Soltanto l’avvio di una nuova stagione d’impegno collettivo, successiva alle stragi del 1992, consentì la piena realizzazione della strategia di aggredire i patrimoni mafiosi. Nel periodo 1993/2004 furono sequestrati beni per un valore di circa 12.000 miliardi di lire (circa 6,2 miliardi di Euro). Nel solo periodo 1.7.2002-30.6.2003 furono sequestrati beni per un valore di circa 1492 miliardi di lire (pari a circa 772 milioni di Euro). Nel periodo 1.1.2000-30.06.2004 furono avanzate ben 287 proposte di carattere patrimoniale, con un aumento di quasi il 500% rispetto al triennio 1996/1998.
Ricordo l’esperienza drammatica vissuta in quegli anni da Procuratore di Palermo, quando ricevevo quasi giornalmente amministratori giudiziari, i quali, seppur nominati e gestiti dai Tribunali per le misure di prevenzione, mi chiedevano di far da tramite con i carabinieri o con la Guardia di finanza per tutti i problemi creati sul territorio dalla presenza mafiosa.
Portai con me quell’esperienza nel mio successivo incarico di Procuratore Nazionale Antimafia, in quel ruolo dedicai moltissime energie a ideare una strategia capace di adattarsi al dinamismo e alla ricerca di invisibilità delle mafie, soprattutto in relazione alla loro capacità di cambiare pelle.
Non mancai di esercitare il mio ruolo di pungolo positivo nei riguardi del governo e del legislatore, chiedendo che finalmente al Procuratore nazionale e distrettuale antimafia (istituzionalmente in possesso di tutte le informazioni acquisite dalle indagini antimafia) fosse attribuito il potere di proposta delle misure di prevenzione personali e patrimoniali nei confronti degli indiziati di tutti i delitti di loro competenza, quindi ben oltre quelli della sola associazione mafiosa, prima di competenza delle procure ordinarie sparse sul territorio.
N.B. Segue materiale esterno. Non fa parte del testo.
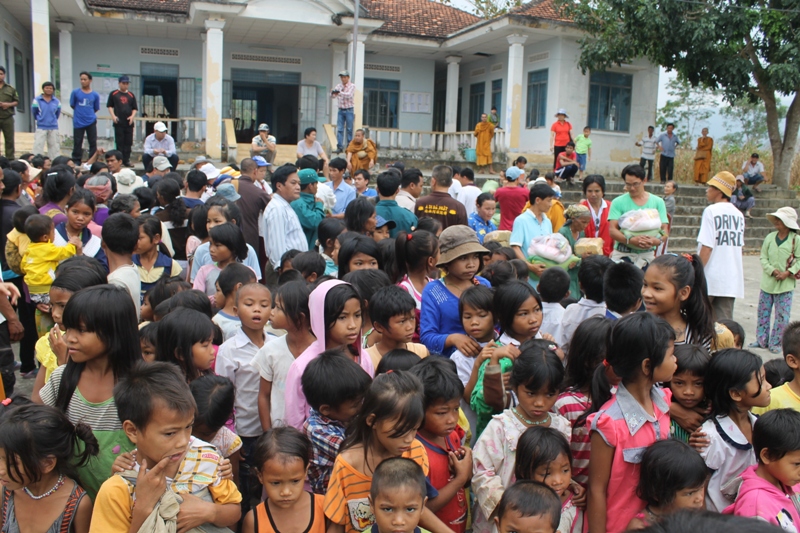 Chuyên ngành Pali khóa 7 Học viện PGVN tại Tp. HCM từ thiện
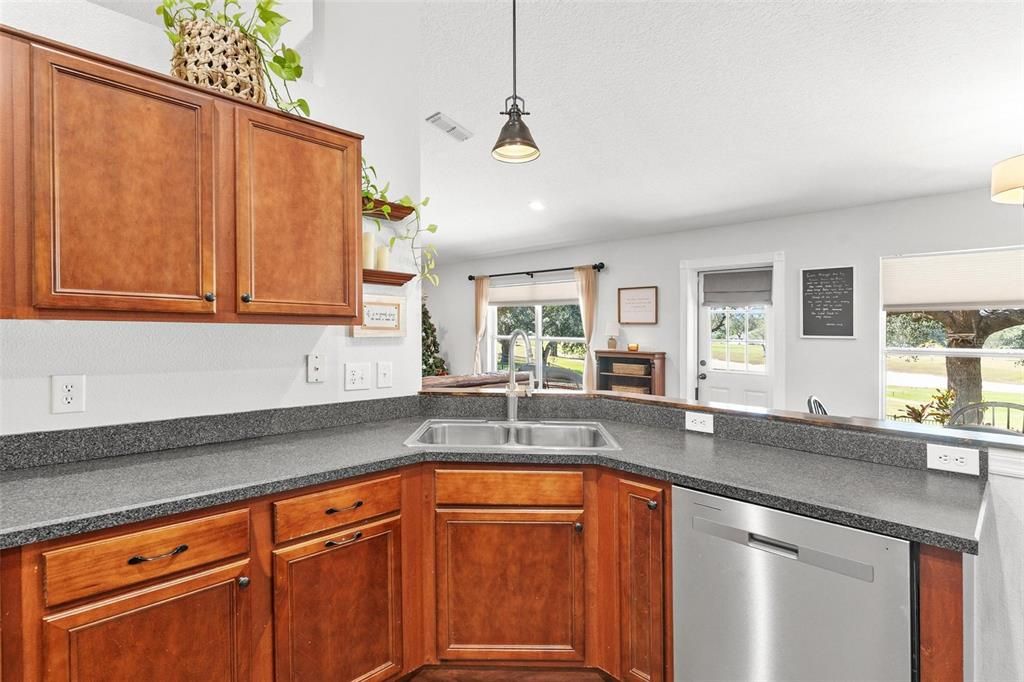 Active With Contract: $375,000 (4 beds, 2 baths, 2035 Square Feet)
Inoltre chiedevo di introdurre il principio di autonomia dell’azione di prevenzione reale, rompendo la accessorietà delle misure patrimoniali a quelle personali, senza le quali, in carenza della attualità della pericolosità o in caso di morte, i beni sequestrati venivano restituiti. Si trattava di tracciare una diversa linea di politica criminale. Tali rilevanti modifiche al sistema furono pienamente accolte dal d.l. n. 92/2008, conv. dalla legge n. 125/2008.
Successivamente sempre da Procuratore Nazionale antimafia lottai, insieme a Libera, perché la competenza esclusiva del Demanio passasse ad un unico soggetto che potesse farsi carico della gestione dei beni, dal sequestro all’assegnazione, e che attraverso i Prefetti potesse intervenire con controlli delle forze dell’ordine, in modo da liberare intanto i terreni dalla presenza mafiosa e far vedere sul territorio la presenza dello Stato.
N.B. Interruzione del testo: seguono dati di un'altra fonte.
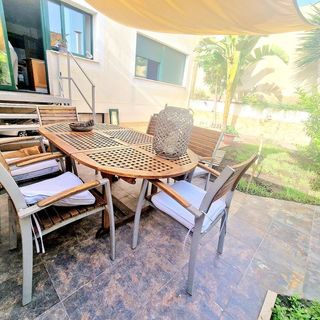 Casa adosada en venta en Vistahermosa en Alicante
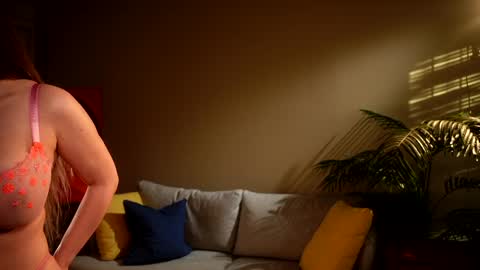 Snapshot of cheryl_pride chatting on February 12, 12:27 am cheryl_pride online show from February 12, 12:27 am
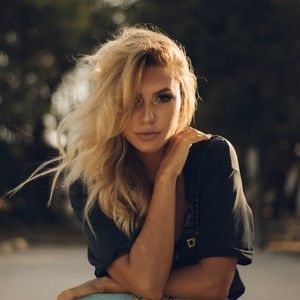 Meet your Posher, Julienne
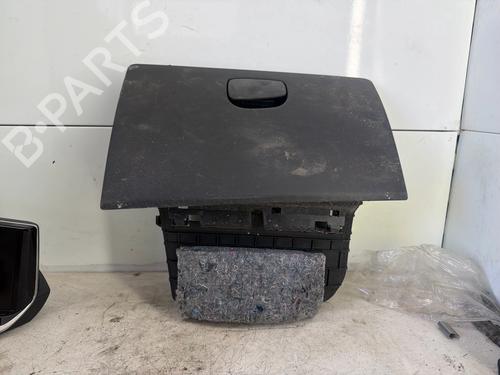 Used Glove box Glove box 37159071 37159071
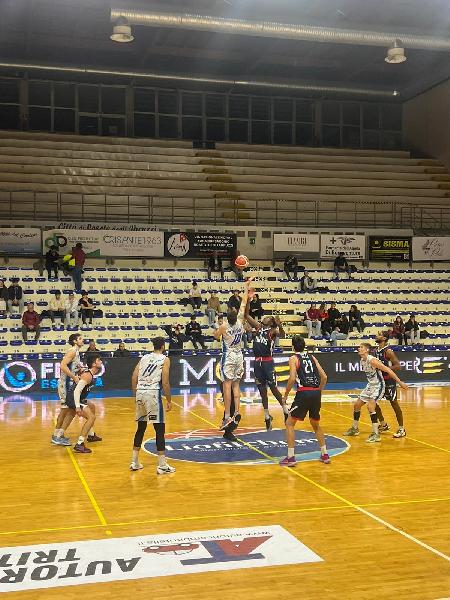 https://www.basketmarche.it/immagini_articoli/17-11-2024/supplementare-ferma-corsa-virtus-civitanova-600.jpg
Alla fine tale proposta riuscì ad essere approvata solo nel 2010, con la nascita dell’Agenzia Nazionale per l’amministrazione e la destinazione dei beni sequestrati e confiscati alla criminalità organizzata (ANBSC).
Il d.lgs. n. 159/2011 c.d. Codice Antimafia procedette poi sostanzialmente a una utile opera di ricognizione della legislazione precedente, mantenendo la confisca di prevenzione disgiunta dalle misure personali e regolando i complessi temi dell’amministrazione giudiziaria, della tutela dei terzi e dei rapporti con le procedure fallimentari.
Problemi e soluzioni
Da sempre l’esigenza principale è la necessità di procedere a rapide destinazioni dei beni che possano evitare danneggiamenti mafiosi e abbandoni usuranti.
La vera difficoltà per le aziende sequestrate e confiscate, però, è dover pagare il costo dello stato di illegalità in cui sono nate: lavoratori in nero o sottopagati, immobili con destinazioni d’uso irregolari, investimenti di danaro illecito, evasione fiscale e così via. Subito dopo il sequestro, il passaggio alla legalità fa scoprire che si tratta di scatole vuote, utilizzate per finalità di riciclaggio, oppure che hanno perso ogni capacità di stare sul mercato, per l’innalzamento dei costi di gestione, per la revoca dei fidi concessi dalle banche oppure per il deterioramento dei rapporti con la clientela e con i fornitori. È chiaro che l’unico destino ipotizzabile per queste aziende resta il fallimento e la consequenziale chiusura.
In realtà la soluzione sarebbe trovare, già al momento del sequestro e dell’immediata assegnazione, un adeguato sostegno economico e finanziario e implementare gli strumenti finanziari per la gestione dei beni e la valorizzazione delle imprese (ex articolo 41 del Codice Antimafia), soprattutto in considerazione della dimensione delle aziende, nella gran parte piccole e medie, che hanno difficoltà ad ottenere le linee di credito. Uno strumento utile potrebbe essere quello di applicare le procedure di co-programmazione e co-progettazione (ex articolo 55 del Codice del Terzo Settore) alla fase di assegnazione dei beni confiscati dal momento della loro destinazione agli enti locali.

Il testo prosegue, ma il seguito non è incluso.